Nenhuma discussão pública dos candidatos é permitida neste sistema, o que torna difícil o envolvimento de leigos no processo de seleção. A hierarquia teme que a divulgação pública dos nomes dos candidatos leve a esforços de lobby e campanhas divisionistas, mas manter os leigos fora do processo é um exemplo de clericalismo e contrário à sinodalidade.
As pessoas da diocese podem ser consultadas publicamente sobre o tipo de pessoa que desejam, mas estão proibidas de mencionar nomes publicamente. Esta consulta raramente é feita hoje, embora fosse mais comum na época de Paulo VI. A descrição do bispo ideal pelos leigos na maioria das dioceses era muitas vezes irrealista. Como observou um observador: “Eles queriam Jesus Cristo com um MBA de Harvard”.
A sinodalidade exige que haja mais transparência e consulta com os leigos sobre a nomeação de bispos. A Igreja Católica também poderia aprender estudando como os líderes são escolhidos em outras denominações.
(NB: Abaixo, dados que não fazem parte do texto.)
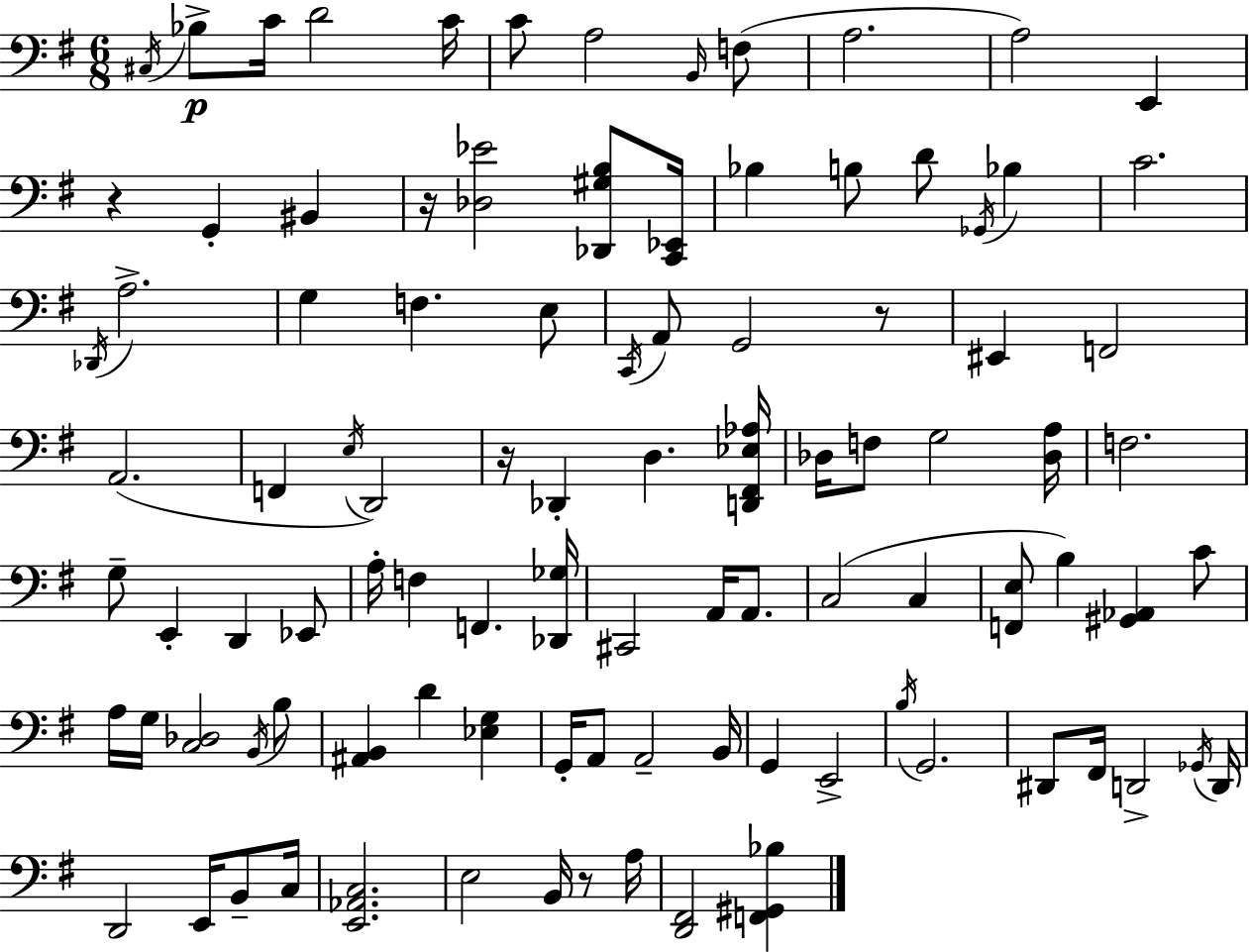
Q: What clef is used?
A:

Se outras igrejas conseguem escolher líderes com sucesso num processo mais público, porque é que a Igreja Católica não o consegue?
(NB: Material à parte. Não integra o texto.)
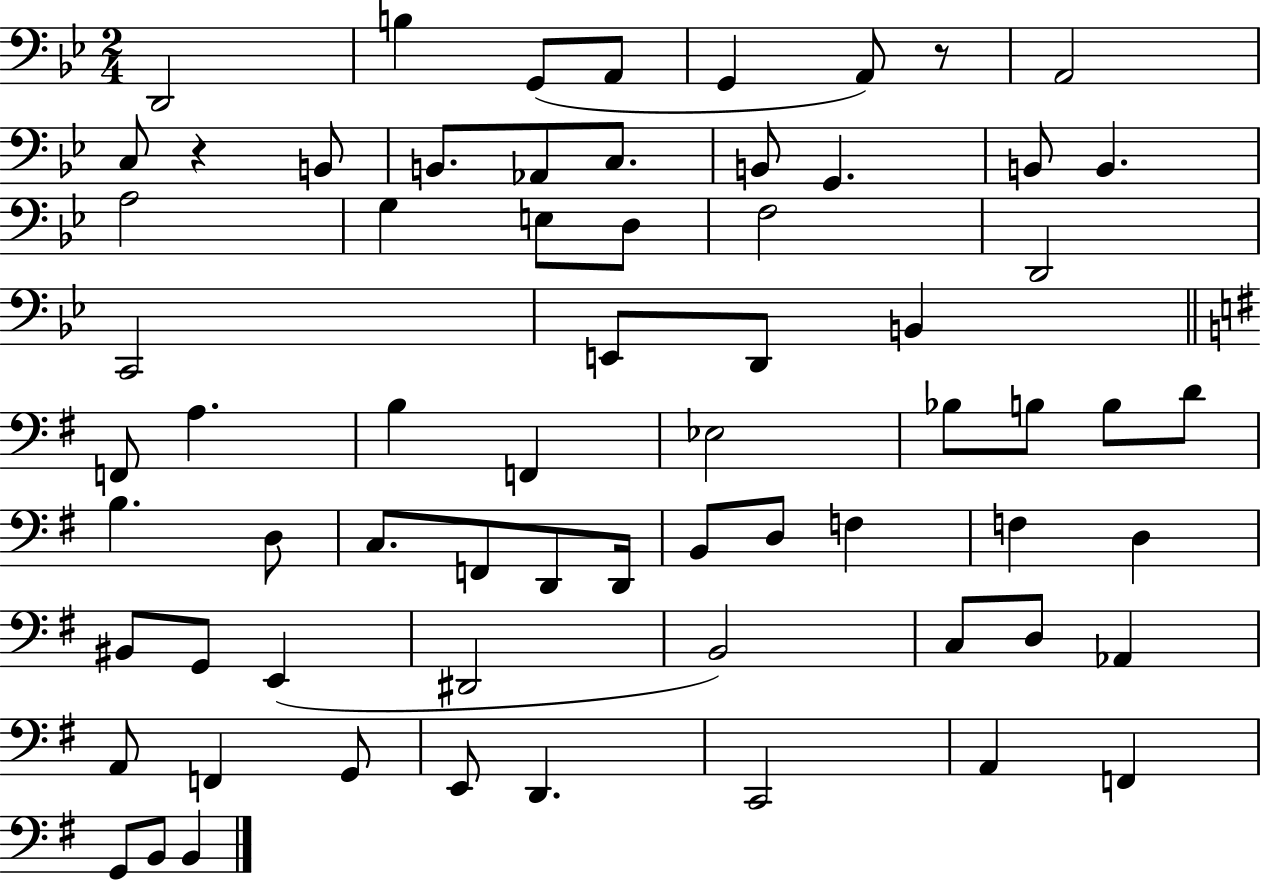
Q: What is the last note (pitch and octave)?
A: B2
Embora em muitas partes do mundo (como a China) o envolvimento dos leigos e do clero seja explorado para fins políticos, há locais onde a igreja é livre para experimentar novos métodos.
Por exemplo, o núncio poderia pedir ao conselho dos padres diocesanos que lhe apresentasse três nomes como candidatos a bispo. Ou poderia partilhar os nomes dos seus três candidatos com o conselho dos sacerdotes e obter a sua resposta. O mesmo poderia ser feito com o conselho pastoral diocesano para envolver os leigos no processo.
Envolver mais pessoas no processo de seleção pode causar divisão. Aqueles que pensam que é necessária mais democracia na Igreja precisam de reconhecer que a democracia nem sempre funciona tão bem no domínio político, mesmo na América. Mas incluir mais pessoas na selecção resultaria em bispos que seriam abraçados pelo seu clero e pelo seu povo. Existem riscos na abertura do processo, mas vale a pena correr.
Uma vez que nenhum sistema é perfeito, precisamos de encontrar algo com pesos e contrapesos, como o sistema proposto pelo Papa Leão I, que envolveu o clero, os leigos e o colégio dos bispos sob a liderança do papa. Ainda não se sabe se temos maturidade espiritual para conseguir isso.
A sinodalidade mostrou que se ouvirmos respeitosamente uns aos outros num ambiente de oração, teremos mais probabilidades de ver para onde o Espírito está a conduzir a Igreja. Também pode ajudar-nos a ver quem devem ser os melhores líderes sinodais como bispos.